Suddenly bursts of automatic gunfire rang out at the nearest checkpoint.
One's first instinct is to leap from the car and lie flat on the ground.
But on this occasion there was no danger.
The gunfire was from soldiers manning the checkpoint - who had been asked to clear the road for a wedding convoy and to shoot in the air to mark the occasion.
The convoy passed, with ribbons and balloons flying and horns hooting.
Recently I asked a friend just how things were in Chechnya on the love front, so to speak.
She answered, with humour: "In a war zone, to love is the only thing left to do!"
Another acquaintance, Zoya, told me about her nephew, who abruptly decided to marry some time ago, when the security situation was still very tense.
"We started to dissuade him, saying: 'Oh, what are we going to do? There is no gas, no electricity, and you're not even 18 yet!'," she said.
"But in the end, love won out!"
This meant that Zoya had to travel across Grozny to the bride's home at a time when, as she put it, even a mouse could not pass through the military checkpoints.

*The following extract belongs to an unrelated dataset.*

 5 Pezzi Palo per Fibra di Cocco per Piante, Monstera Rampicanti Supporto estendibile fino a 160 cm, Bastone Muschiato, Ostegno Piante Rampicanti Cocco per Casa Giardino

To complicate matters further, the groom insisted that the bride should be fetched in a spacious Volga saloon car.
It took Zoya a long time to find a Volga driver prepared to try and make it through the checkpoints.

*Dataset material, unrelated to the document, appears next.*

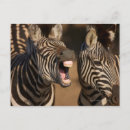 Search for awed postcards Wildlife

When she finally succeeded, he turned out to be tipsy - but somehow he persuaded the soldiers to let the car through.
And so the wedding went ahead, following Chechen tradition with neither the groom nor the bride's parents taking any part in the ceremony.
In Chechnya people are still talking about an even more astonishing story, when a bride found her village surrounded on her wedding day by federal troops aiming to "cleanse" it of any rebel sympathisers.

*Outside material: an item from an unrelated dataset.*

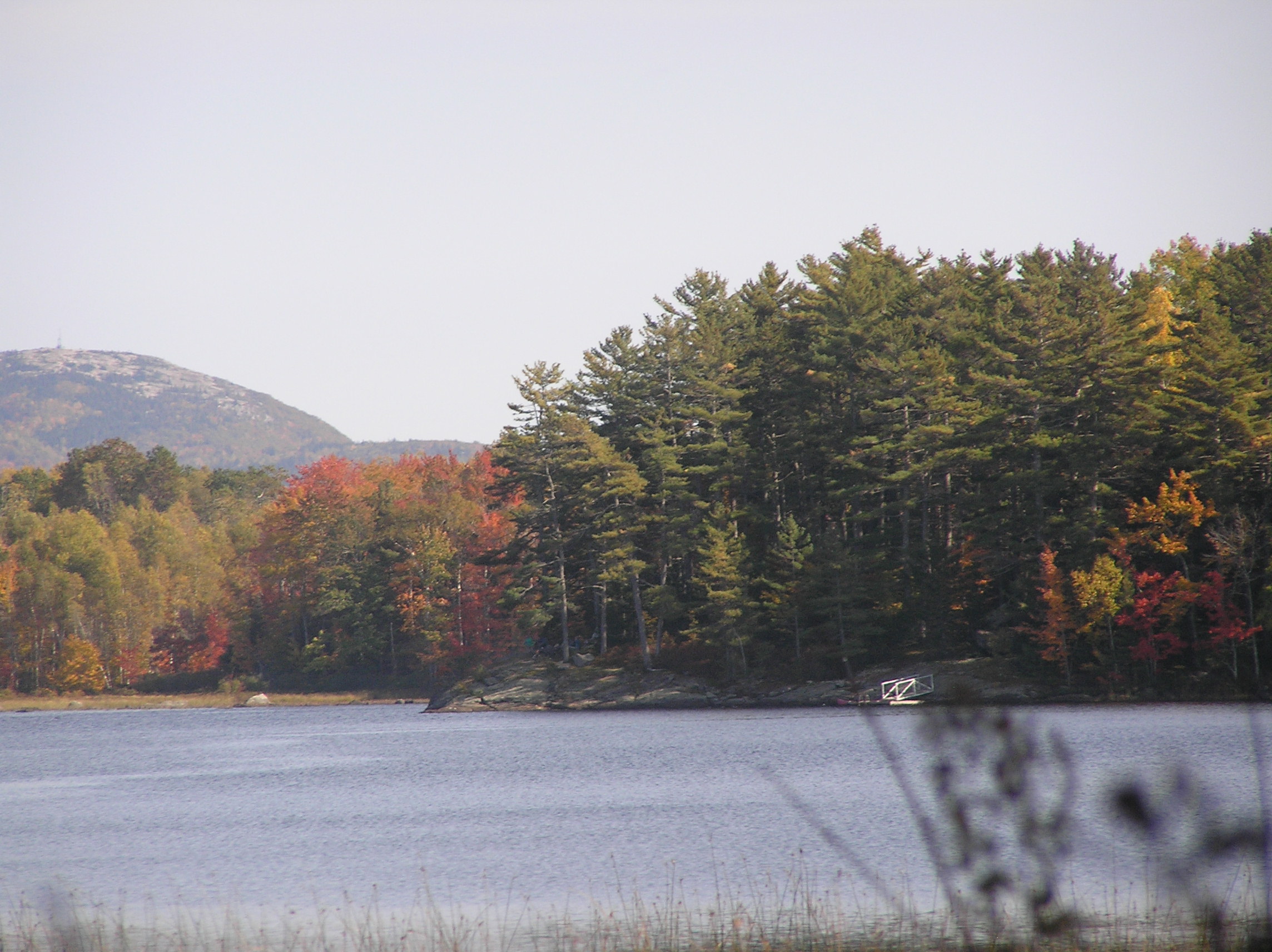 Fall at Bluff Point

Not a single car entered or left the village - but the bride got a lift out in an armoured vehicle.
While young couples used to court each other for two or three years, the process is now greatly accelerated, and can be over in weeks.
Chechen psychologist Fariza Musaeva says it's not just because people have nothing else to do, it's the "thirst for life".
"People who spend a long time in a situation where they could be killed want to live, they want to prolong their lives via their children," she says.
"And there is another factor. Children mature early in such conditions, and they understand the value of life and the meaning of death."
Mothers on the look-out
Grozny's teacher training institute is now one of the few places in the city where young people can get together.
Students don't just study there, they also arrange dates there - and the mothers of young men driven abroad by the conflict go there to spy out suitable daughters-in-law.
"They are usually immediately obvious. They stand around observing how this or that girl behaves herself, for two or three days, and then they introduce themselves to the girl they like best," one student told me.
"They ask where she comes from, how old she is, and they bring photographs [of their son]. In this way a couple gets together - through an intermediary."
It's a far cry from the way Chechen couples have traditionally met one another, at the spring or water pipe - a scene celebrated in countless folksongs and dances.
But people in Chechnya are only too aware of how much the war has destroyed - and of the need to start a new life.